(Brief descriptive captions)

◇ ◇ ◇

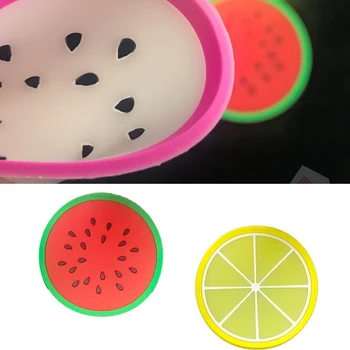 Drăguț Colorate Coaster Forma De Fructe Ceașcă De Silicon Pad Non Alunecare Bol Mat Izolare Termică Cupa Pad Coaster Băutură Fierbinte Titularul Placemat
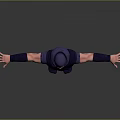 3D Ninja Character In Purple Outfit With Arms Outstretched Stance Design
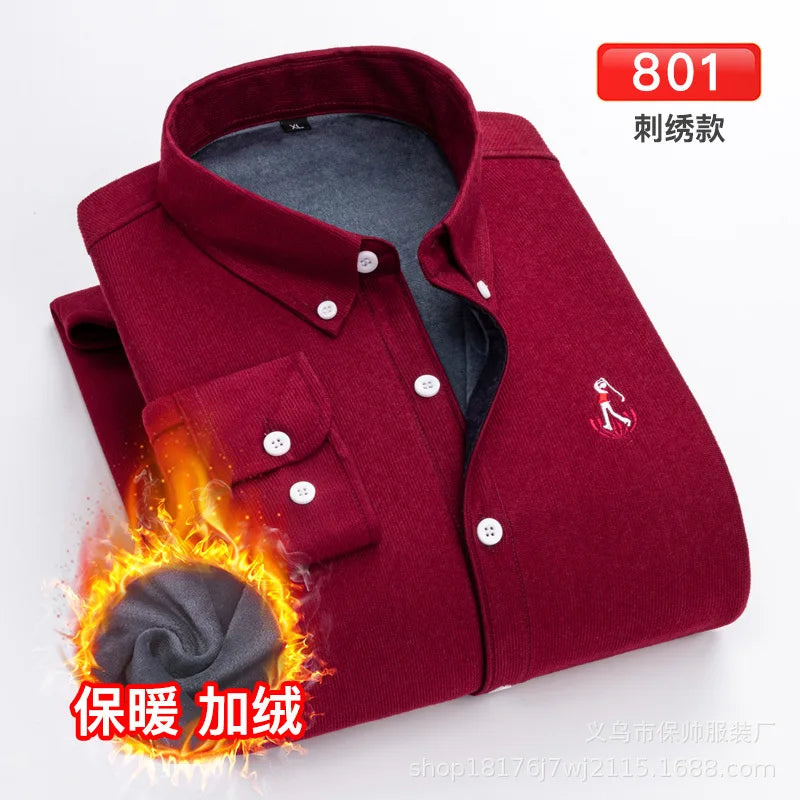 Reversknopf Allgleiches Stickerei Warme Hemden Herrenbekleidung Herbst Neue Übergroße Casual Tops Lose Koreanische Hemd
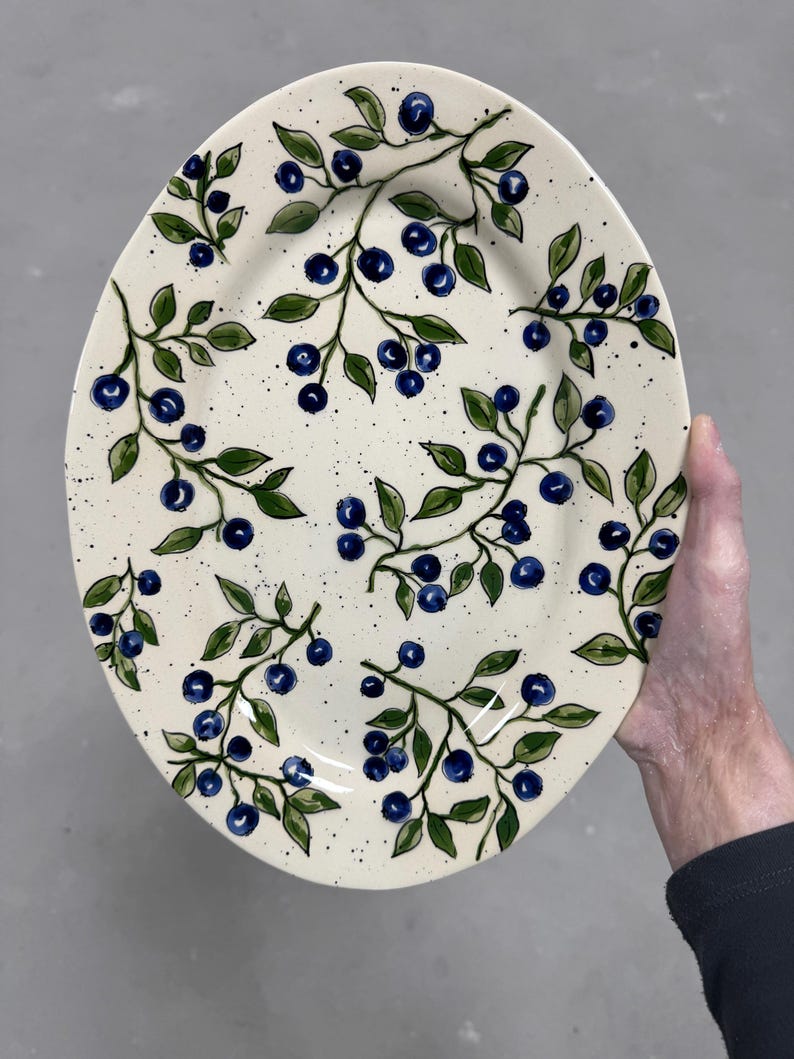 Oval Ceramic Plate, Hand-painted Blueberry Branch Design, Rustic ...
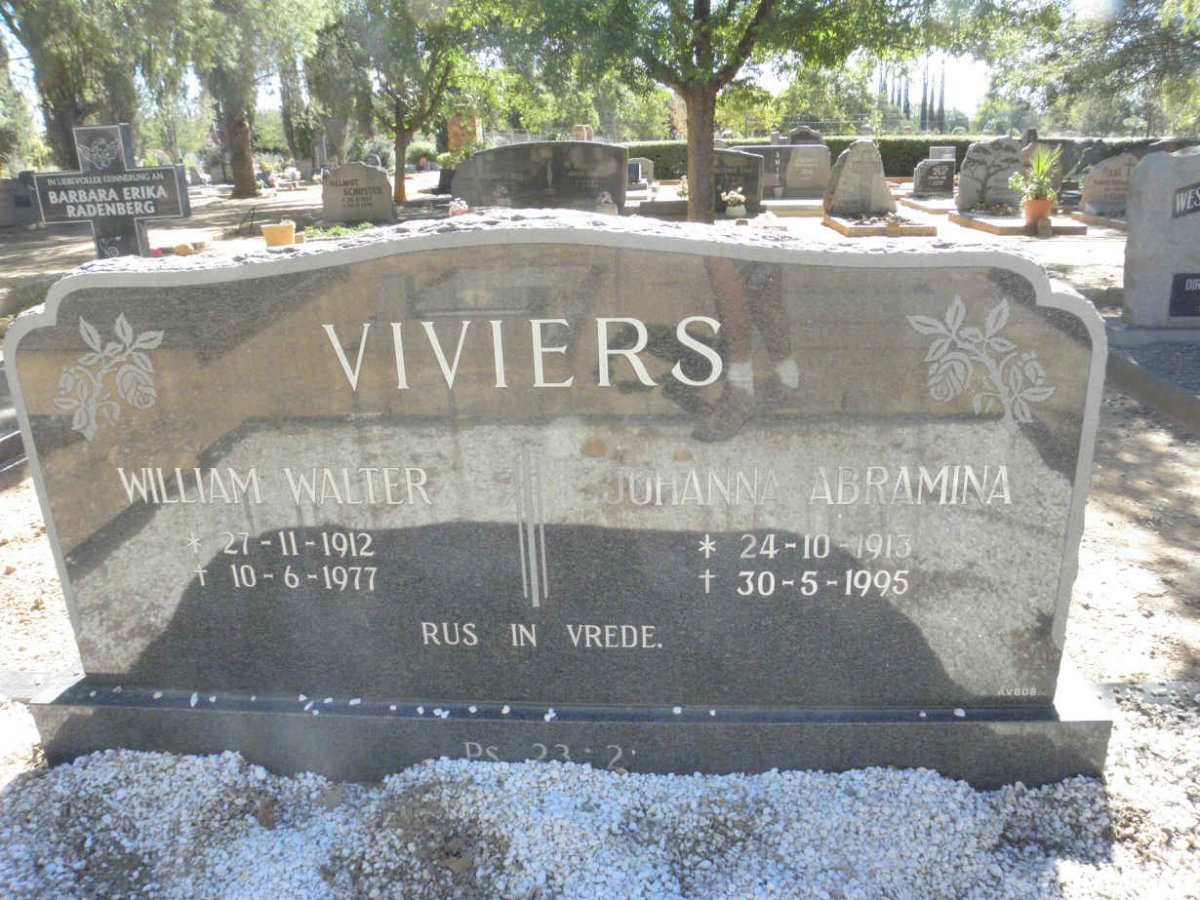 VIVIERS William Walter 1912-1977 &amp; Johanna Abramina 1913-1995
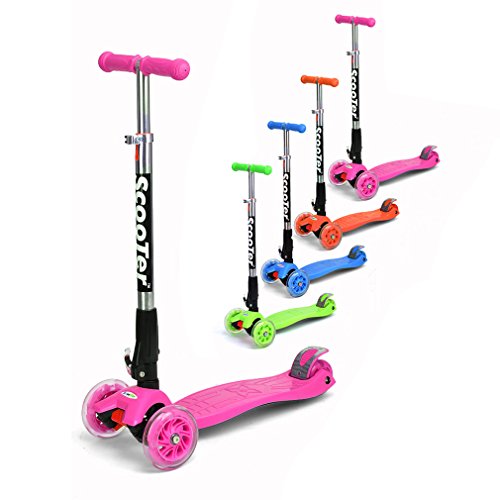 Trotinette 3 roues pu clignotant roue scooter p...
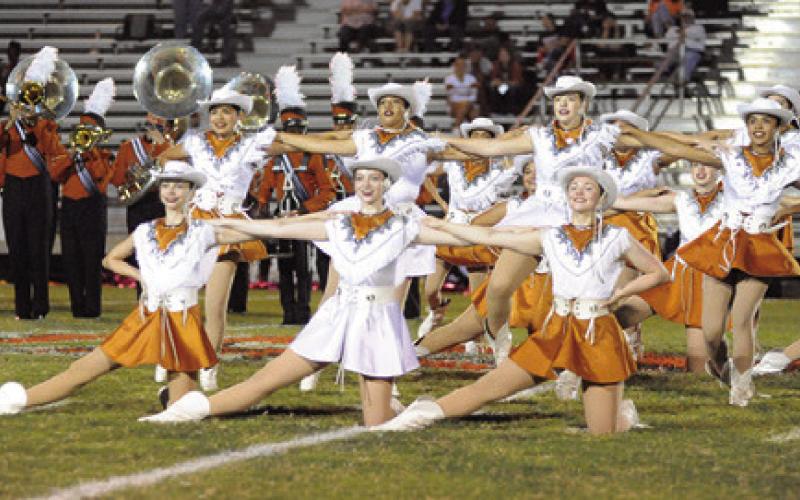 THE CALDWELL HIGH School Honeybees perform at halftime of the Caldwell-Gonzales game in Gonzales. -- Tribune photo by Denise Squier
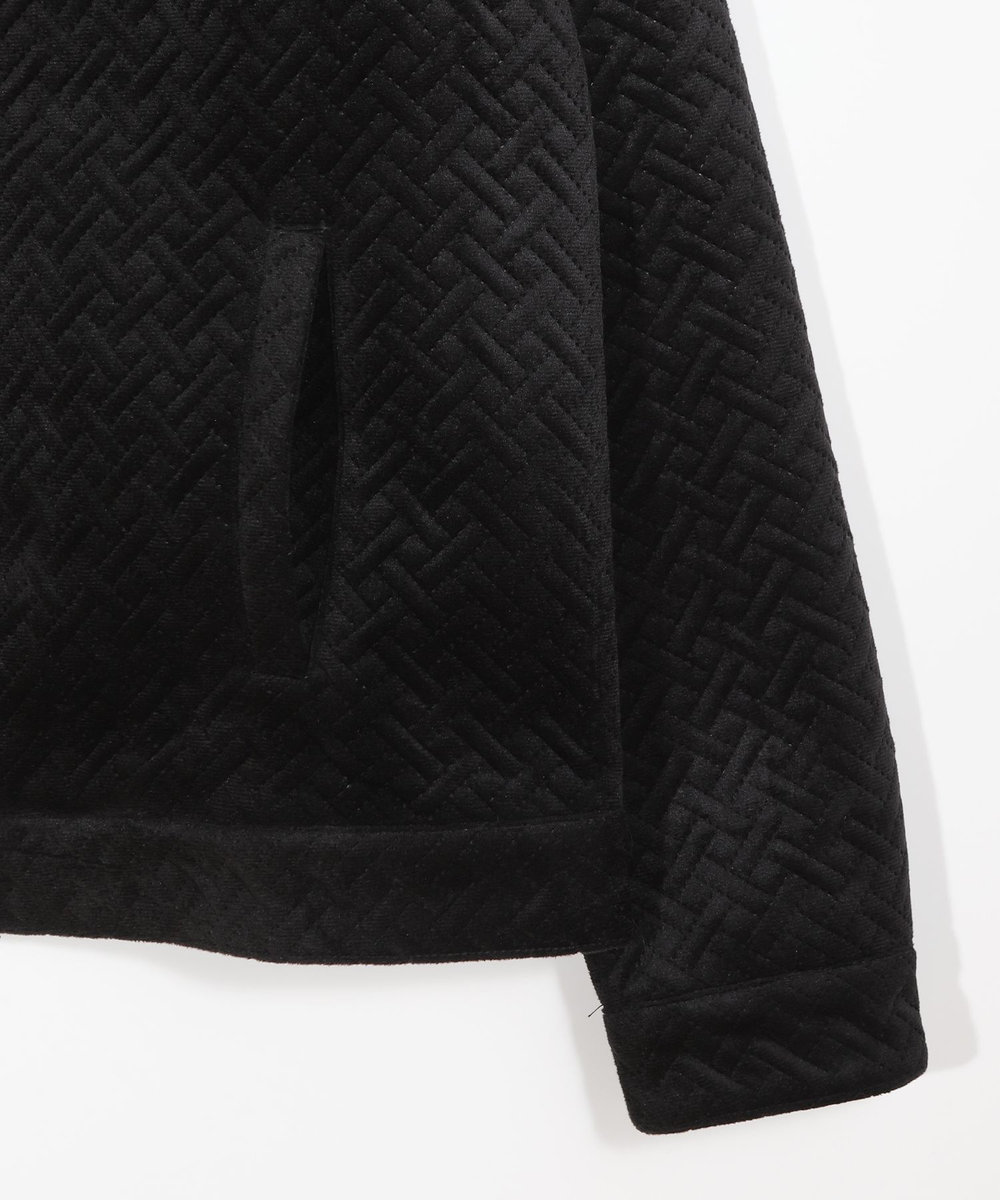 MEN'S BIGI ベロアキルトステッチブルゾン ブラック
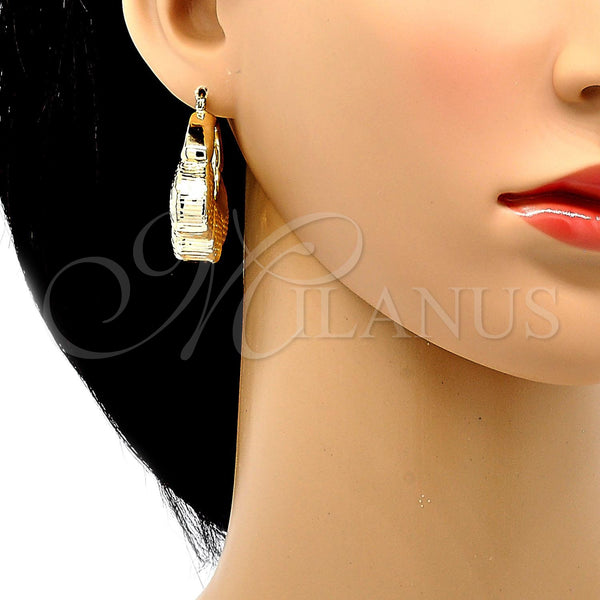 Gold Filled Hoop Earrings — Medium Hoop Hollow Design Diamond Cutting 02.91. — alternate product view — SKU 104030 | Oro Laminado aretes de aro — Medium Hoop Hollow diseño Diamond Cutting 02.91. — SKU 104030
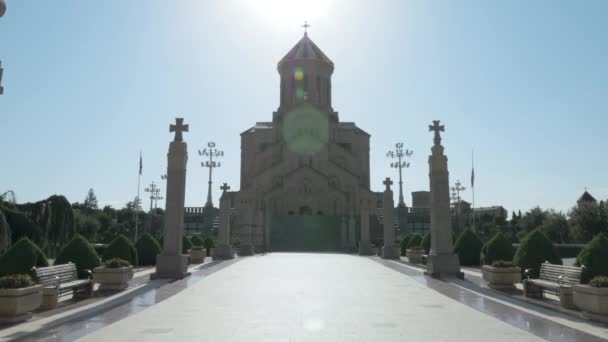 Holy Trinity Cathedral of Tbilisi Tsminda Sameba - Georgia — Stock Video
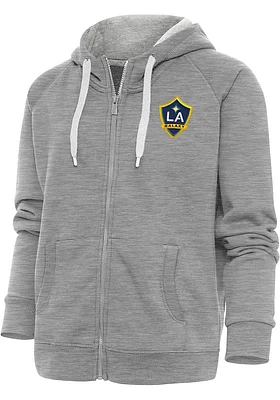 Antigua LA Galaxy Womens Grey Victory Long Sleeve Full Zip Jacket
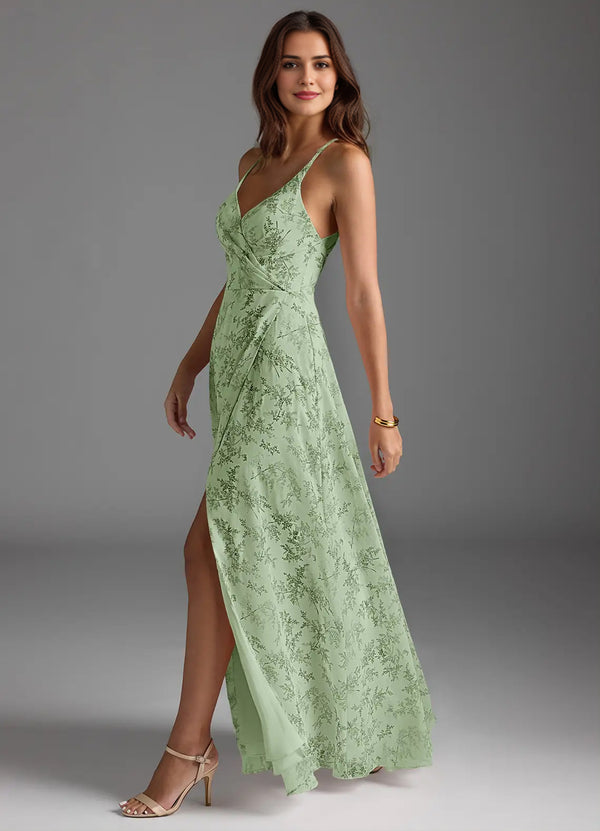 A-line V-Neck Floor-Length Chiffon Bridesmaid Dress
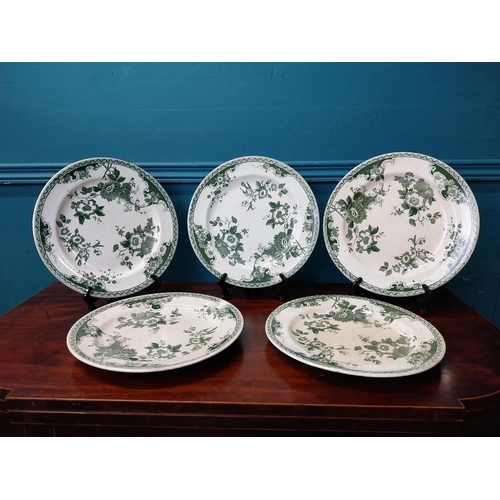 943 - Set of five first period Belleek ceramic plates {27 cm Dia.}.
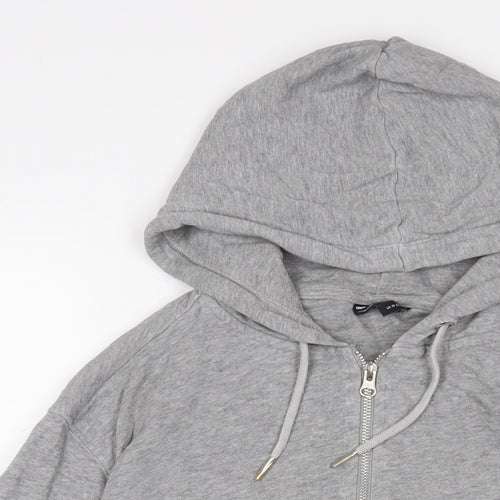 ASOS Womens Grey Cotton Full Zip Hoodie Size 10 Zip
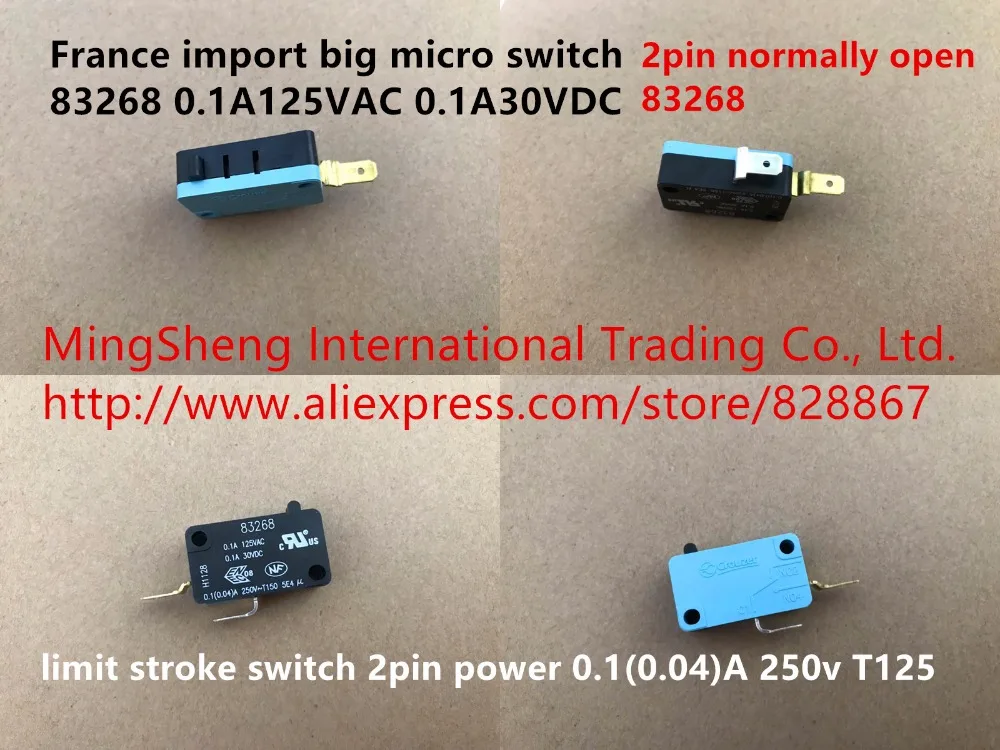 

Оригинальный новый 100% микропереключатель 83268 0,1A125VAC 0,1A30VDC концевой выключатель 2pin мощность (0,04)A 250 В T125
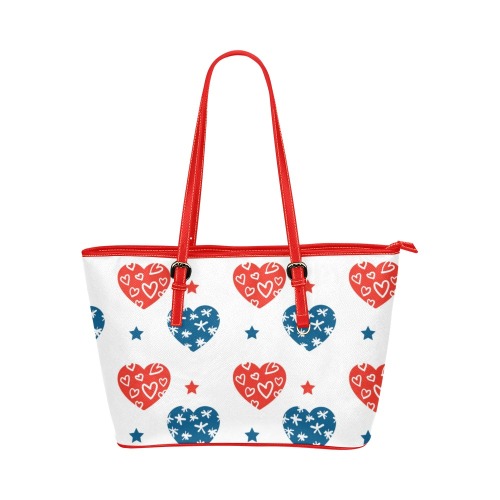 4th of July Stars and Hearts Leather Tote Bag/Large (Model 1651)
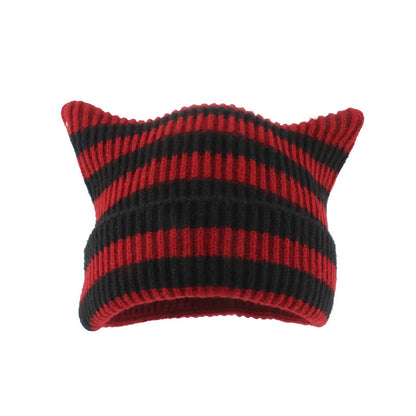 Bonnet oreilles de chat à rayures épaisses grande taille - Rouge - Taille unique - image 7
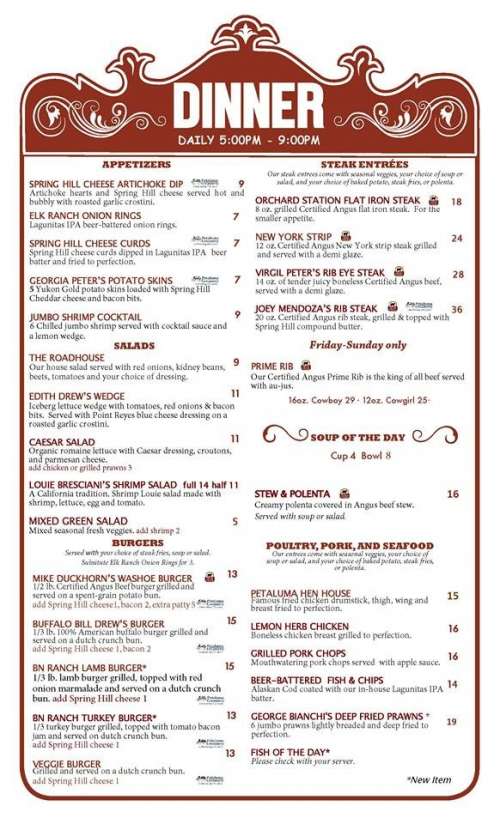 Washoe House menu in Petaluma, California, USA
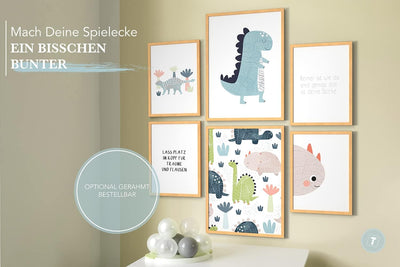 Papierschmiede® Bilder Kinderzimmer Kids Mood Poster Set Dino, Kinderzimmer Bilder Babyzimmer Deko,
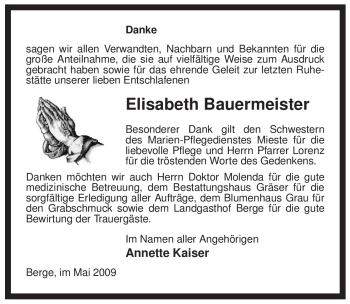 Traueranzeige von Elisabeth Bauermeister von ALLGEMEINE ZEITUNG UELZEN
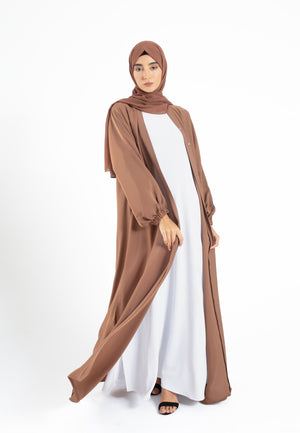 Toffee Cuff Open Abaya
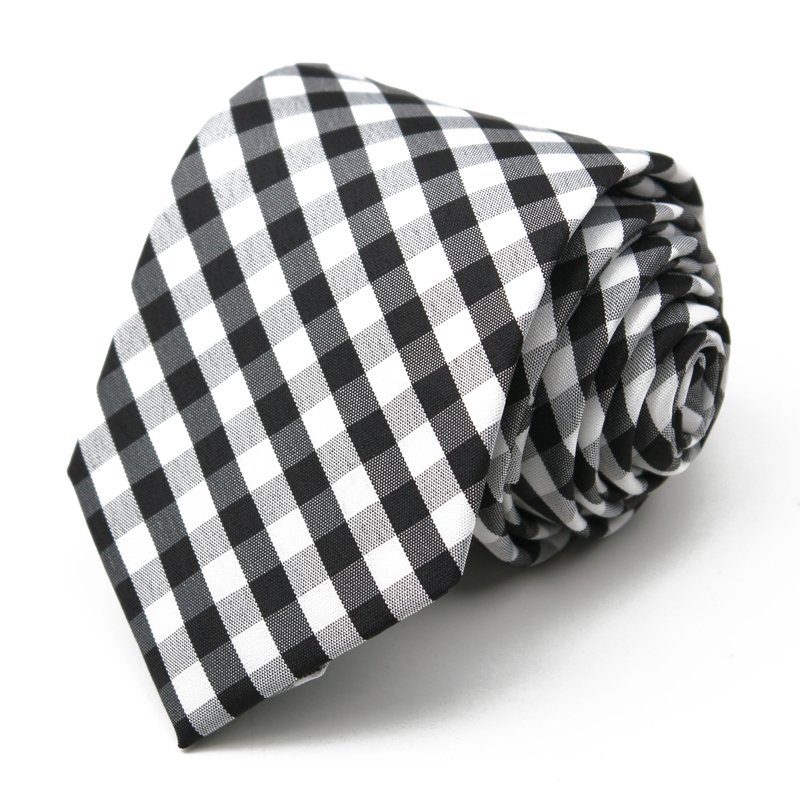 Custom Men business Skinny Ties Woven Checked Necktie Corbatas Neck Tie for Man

◇ ◇ ◇

In the records, the line containing "Antigua LA Galaxy" starts the span and the final line ends it. Output exactly that span, both ends included, with no pictures and nothing else.

 Antigua LA Galaxy Womens Grey Victory Long Sleeve Full Zip Jacket
 A-line V-Neck Floor-Length Chiffon Bridesmaid Dress
 943 - Set of five first period Belleek ceramic plates {27 cm Dia.}.
 ASOS Womens Grey Cotton Full Zip Hoodie Size 10 Zip

Оригинальный новый 100% микропереключатель 83268 0,1A125VAC 0,1A30VDC концевой выключатель 2pin мощность (0,04)A 250 В T125
 4th of July Stars and Hearts Leather Tote Bag/Large (Model 1651)
 Bonnet oreilles de chat à rayures épaisses grande taille - Rouge - Taille unique - image 7
 Washoe House menu in Petaluma, California, USA
 Papierschmiede® Bilder Kinderzimmer Kids Mood Poster Set Dino, Kinderzimmer Bilder Babyzimmer Deko,
 Traueranzeige von Elisabeth Bauermeister von ALLGEMEINE ZEITUNG UELZEN
 Toffee Cuff Open Abaya
 Custom Men business Skinny Ties Woven Checked Necktie Corbatas Neck Tie for Man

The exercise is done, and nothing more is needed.